[Items from a dataset]
:::
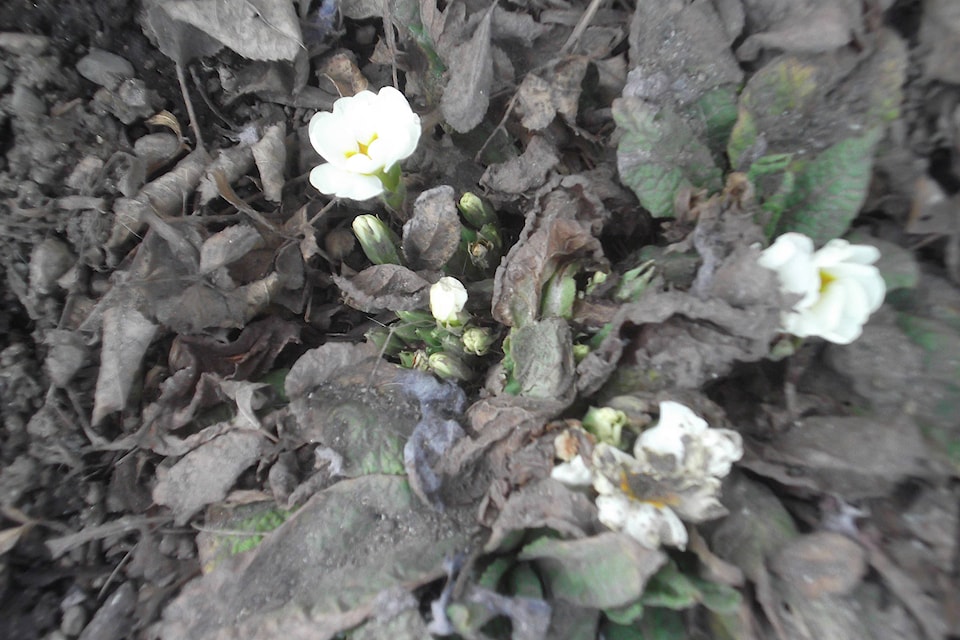 11029411_web1_180315-VMS-flower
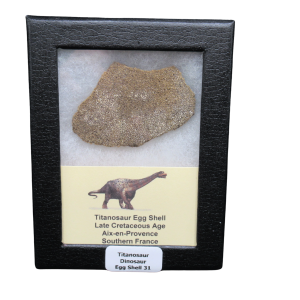 Titanosaur Dinosaur Egg Shell Fossil for Sale from France #31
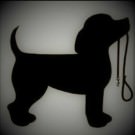 Logo of AC K9 Dog Grooming Dog Clipping And Grooming In Swindon, Wiltshire Logo of AC K9 Dog Grooming Dog Clipping And Grooming In Swindon, Wiltshire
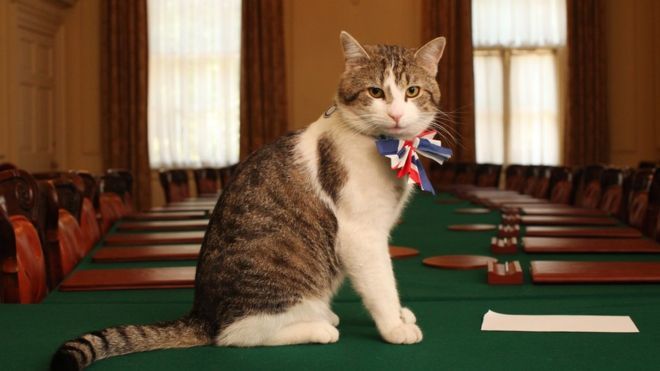 Ларри стал третьим котом в истории резиденции, который официально занял пост главного мышелова.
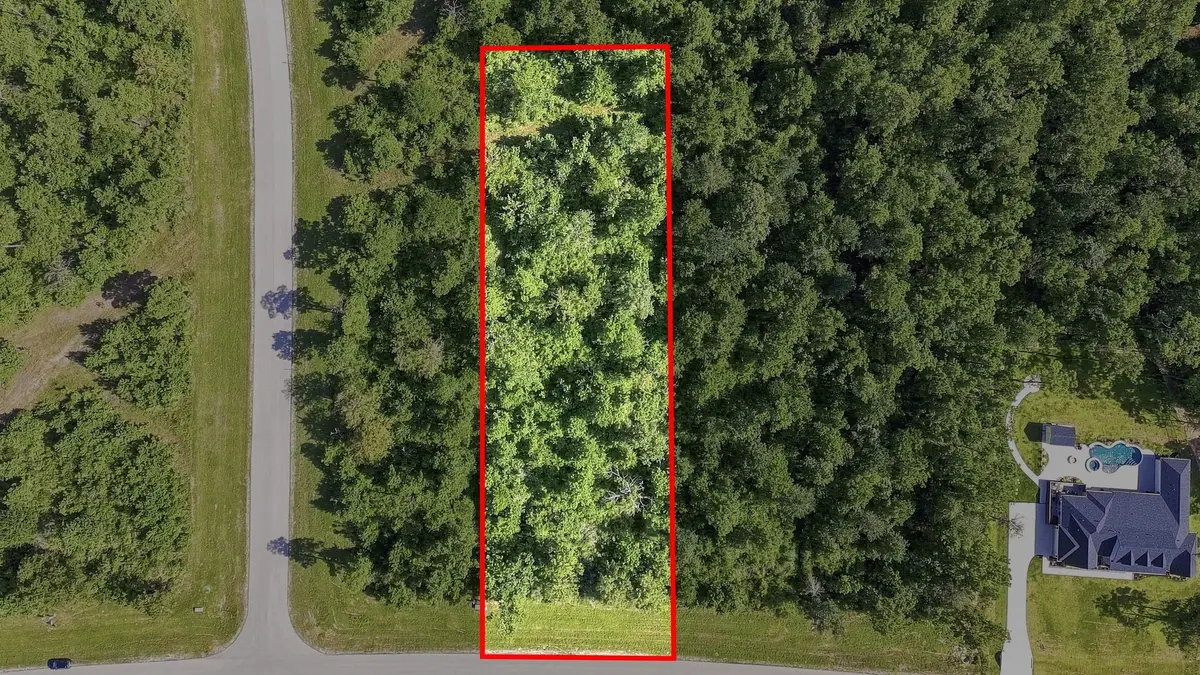 294 Iron Horse Road, Willis, TX 77378 - #1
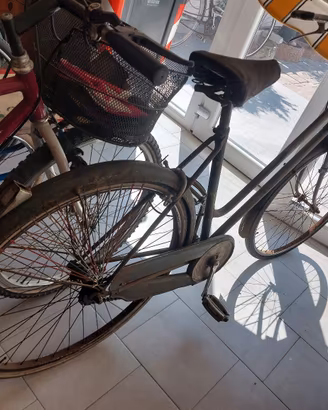 bici da 26 holland economica e funzionante 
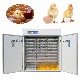 CE Approved Large Chicken Incubator Hatching Eggs Solar Energy Egg Incubator Chicken Egg Incubator Hatching Machine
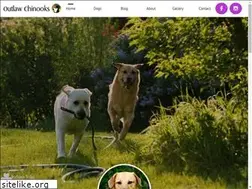 Sites similar to outlawchinooks.com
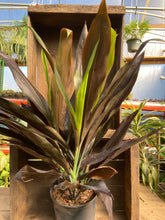 Load image into Gallery viewer, Black Cordyline - 8&quot; pot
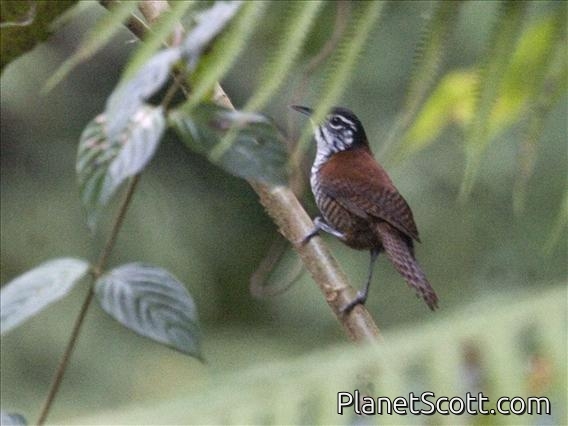 Bay Wren (Thryothorus nigricapillus)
:::
Work request: Please give a word-for-word transcript of the lines from the one holding "CE Approved Large" through the final line of the entries, both ends kept, with no pictures.

Solution below:
 CE Approved Large Chicken Incubator Hatching Eggs Solar Energy Egg Incubator Chicken Egg Incubator Hatching Machine
 Sites similar to outlawchinooks.com
 Load image into Gallery viewer, Black Cordyline - 8&quot; pot
 Bay Wren (Thryothorus nigricapillus)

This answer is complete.